** Activity **
Go through the records and transcribe them exactly, passing over any picture.

Captioned web image data
------------------------------------

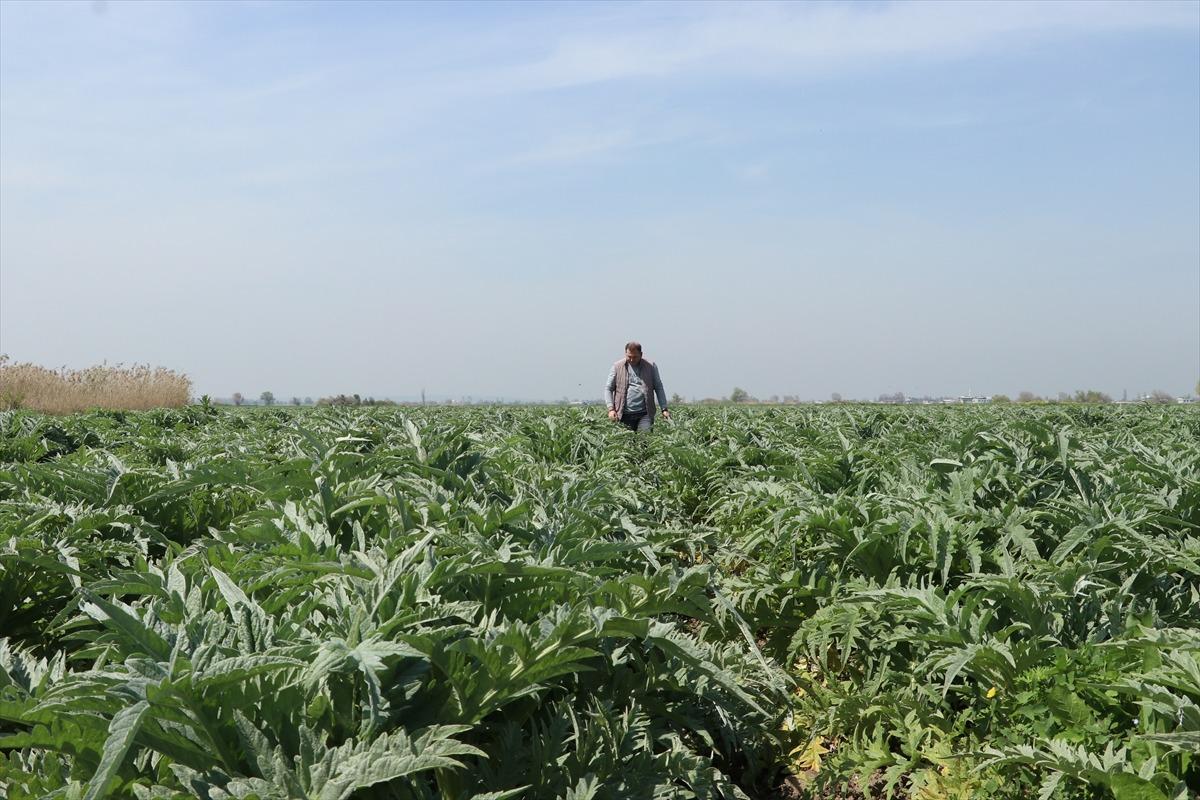 Uyguladığı y&ouml;ntem talebi artırdı: Yurt dışından bile sipariş var 3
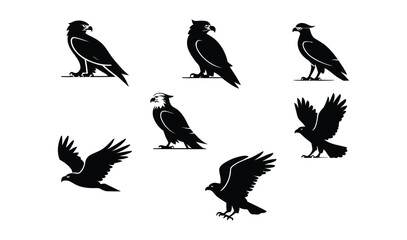 set of seven bird silhouettes including eagle, hawk, and crow in flight and perched poses, ideal for design, logo, or wildlife projects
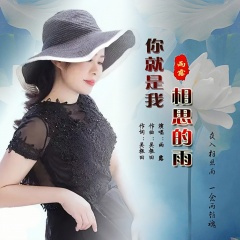 你就是我相思的雨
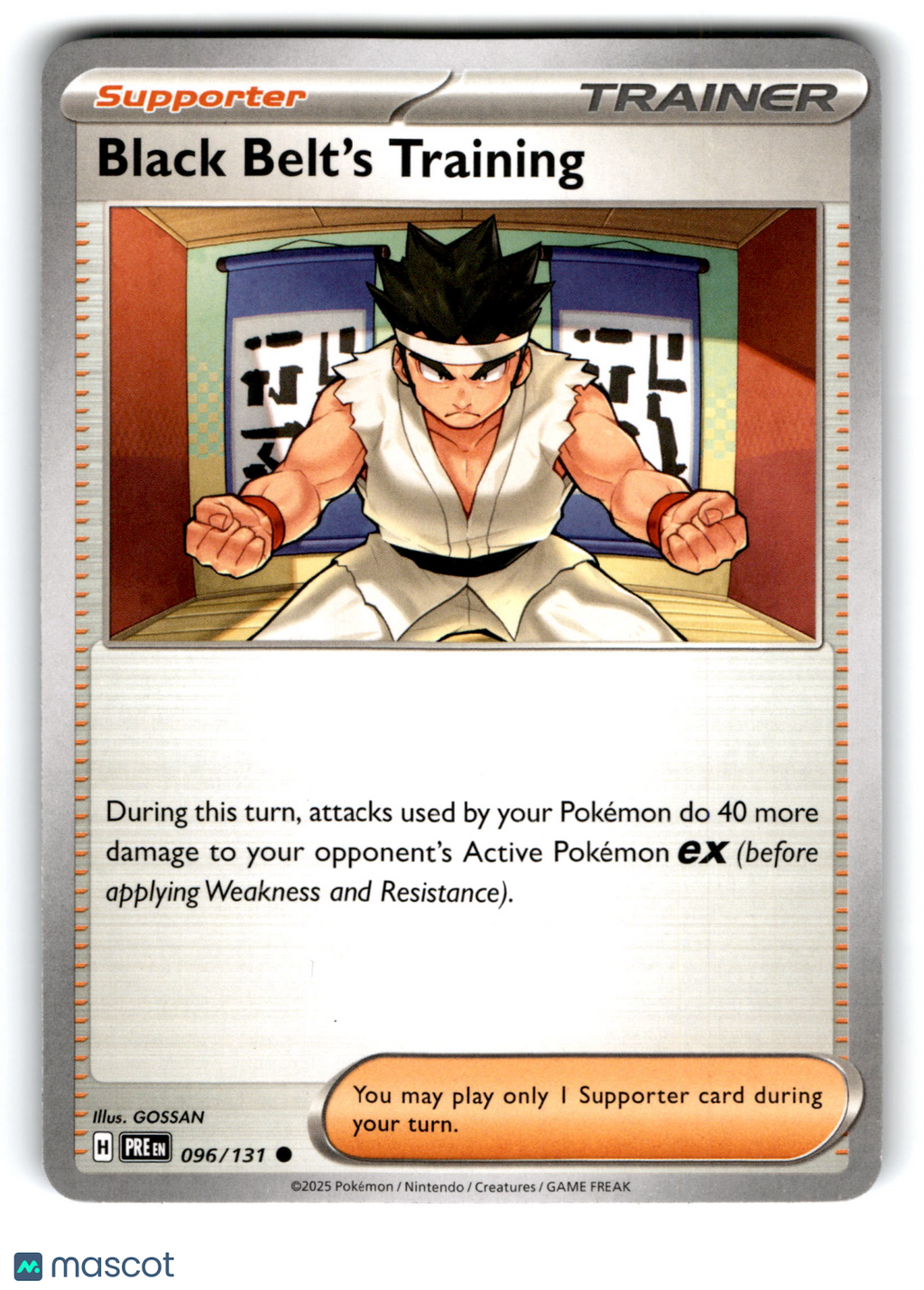 2025 Pokemon Black Belt’S Training #96/131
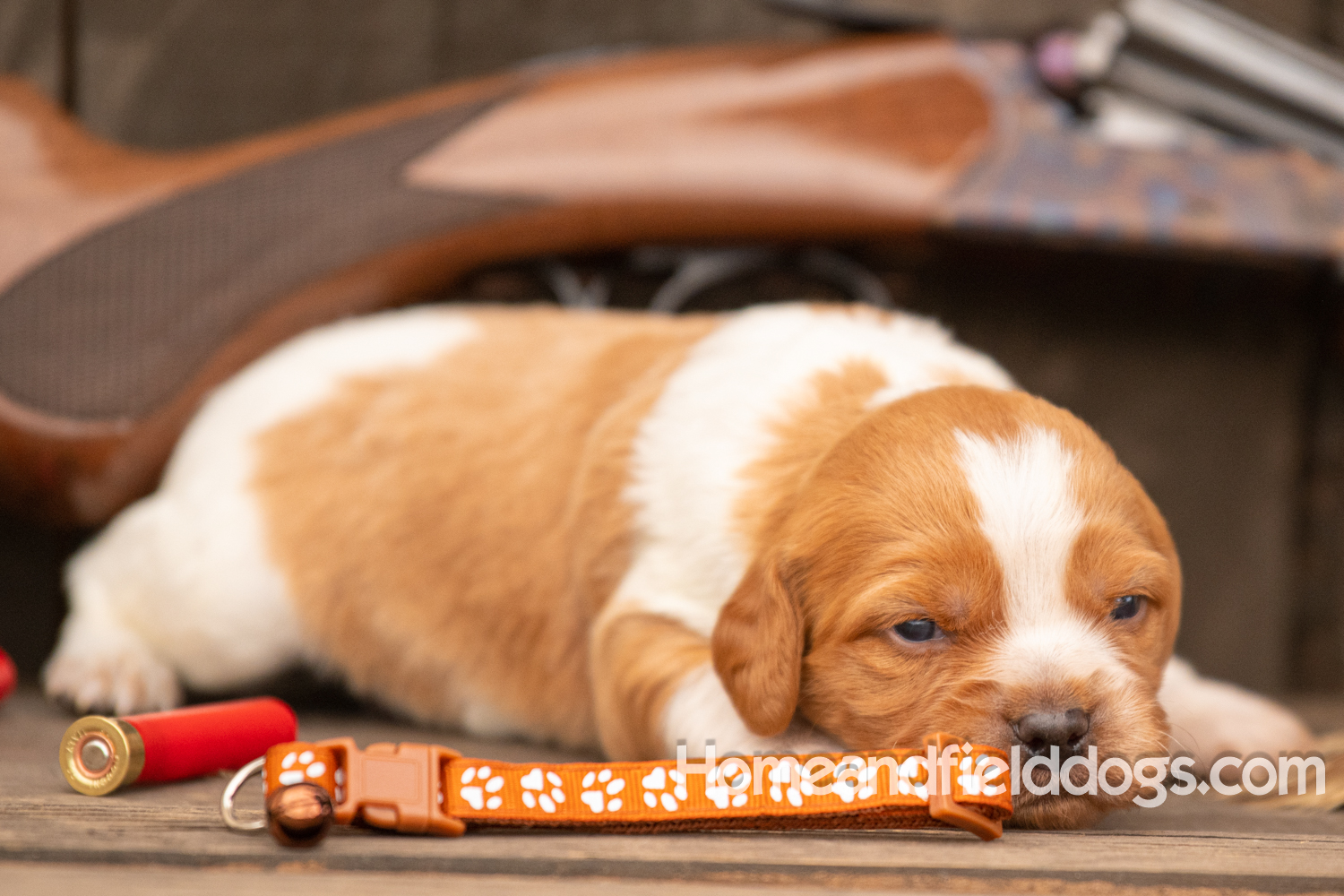 Picture of an Orange and White French Brittany puppy for sale posed in front of an over and under 410 bore shotgun in front of old barn with pheasant wing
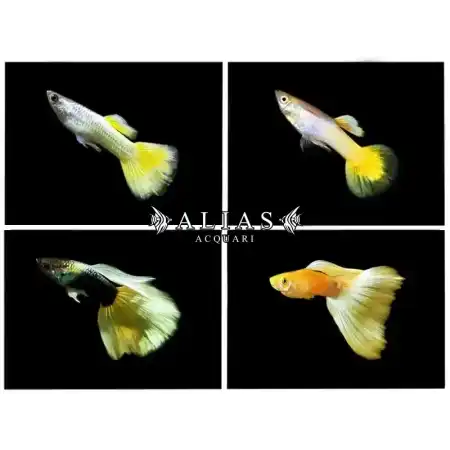 Guppy maschio Yellow Mix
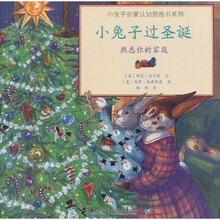小兔子启蒙认知图画书系列·小兔子过圣诞：熟悉你的家庭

------------------------------------

** Your solution **
 Uyguladığı y&ouml;ntem talebi artırdı: Yurt dışından bile sipariş var 3
 set of seven bird silhouettes including eagle, hawk, and crow in flight and perched poses, ideal for design, logo, or wildlife projects
 你就是我相思的雨
 2025 Pokemon Black Belt’S Training #96/131
 Picture of an Orange and White French Brittany puppy for sale posed in front of an over and under 410 bore shotgun in front of old barn with pheasant wing
 Guppy maschio Yellow Mix
小兔子启蒙认知图画书系列·小兔子过圣诞：熟悉你的家庭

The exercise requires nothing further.